Intellectual Property Ownership Issues
Addressing ownership issues regarding your idea as early as possible will help you avoid problems later in the development process. It is imperative to determine the ownership of the idea by the time you have developed your prototype device. For the purposes of our discussion, we will address issues faces by funded researchers/developers (e.g., agencies such as OSERS and NIH, or universities). If you are an independent inventor or company developer using your own resources, see the sidebar, “A Note to Company Technology Developers and Independent Inventors.”
Who owns your product or idea?
If you are a university researcher and you developed your invention as part of your employment at a university, using university resources, understand that you do not have exclusive ownership rights to your product/idea.
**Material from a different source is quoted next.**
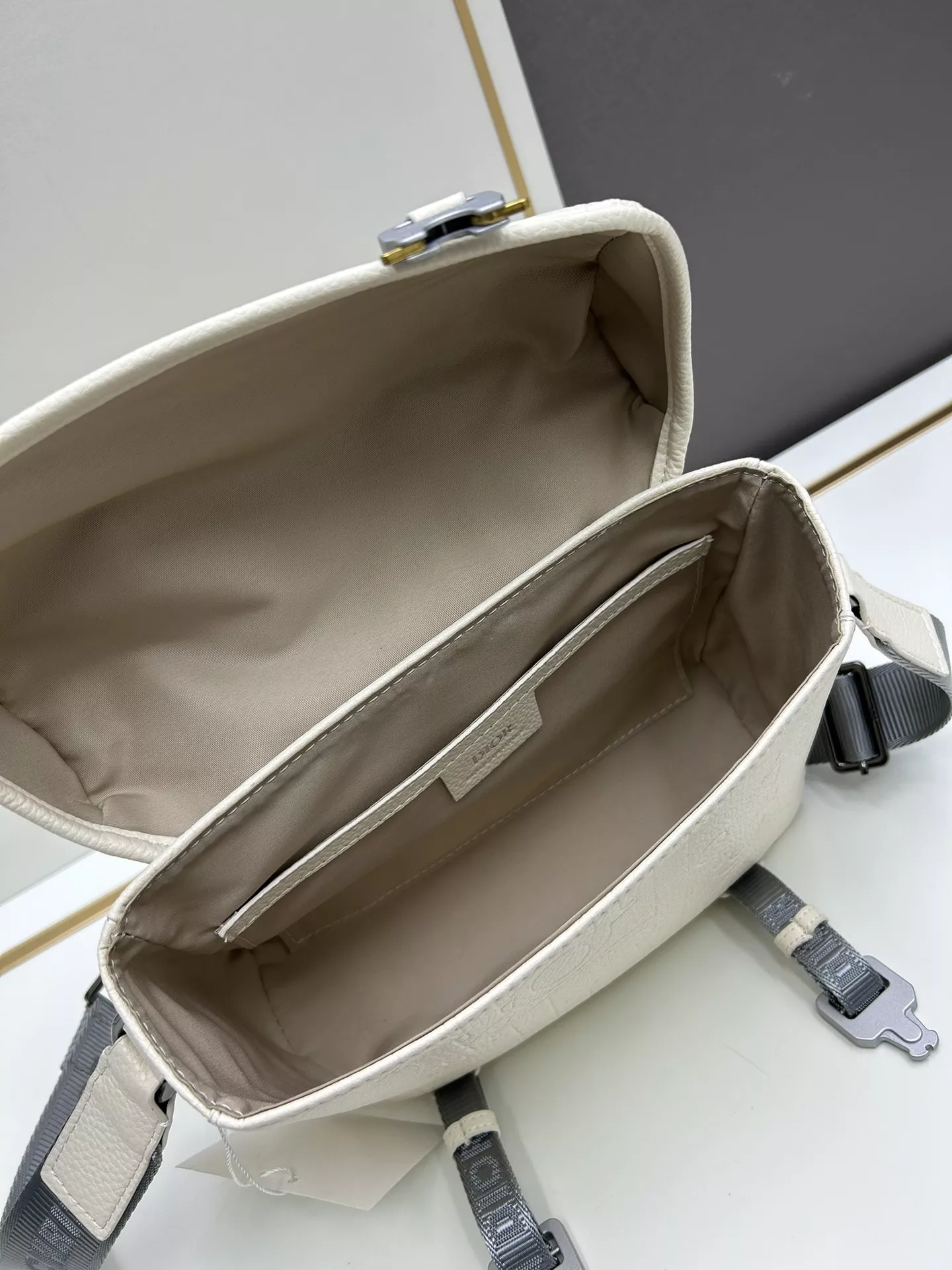 Christian Dior AAA Man Messenger Bags TopPick 3577 - Image 6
The legal rights to any invention generated through your occupation belong to your university and to the funding agency; however, universities are required to share a portion of the royalties with the developer. This information should have been included in the terms you agreed to upon hire at the university. Look carefully at the hiring contract. The university may own any intellectual property in the field that you were hired in even if you were working off-campus or consulting. Thus, you should make sure any consulting contract complies with your university contract.
All universities have specific patent policies outlining the invention process that a university employee will be required to follow. The university will follow U.S. Patent and Trademark Law and will act as the assignee to the invention, while the inventor must be an individual (the university employee inventor). This means that the university will be the decision maker in terms of what happens to the invention (whether is it patented, licensed, or released to the inventor).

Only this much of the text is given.